### DATASET EXCERPT ###

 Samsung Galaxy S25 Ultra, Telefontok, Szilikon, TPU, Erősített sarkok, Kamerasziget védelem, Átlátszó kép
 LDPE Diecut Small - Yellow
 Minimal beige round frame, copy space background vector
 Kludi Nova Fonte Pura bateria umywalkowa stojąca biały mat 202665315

###

*WHAT TO PRODUCE*. Give the listing above again in full, with no word altered.

*EXERCISE ANSWER*.
 Samsung Galaxy S25 Ultra, Telefontok, Szilikon, TPU, Erősített sarkok, Kamerasziget védelem, Átlátszó kép
 LDPE Diecut Small - Yellow
 Minimal beige round frame, copy space background vector
 Kludi Nova Fonte Pura bateria umywalkowa stojąca biały mat 202665315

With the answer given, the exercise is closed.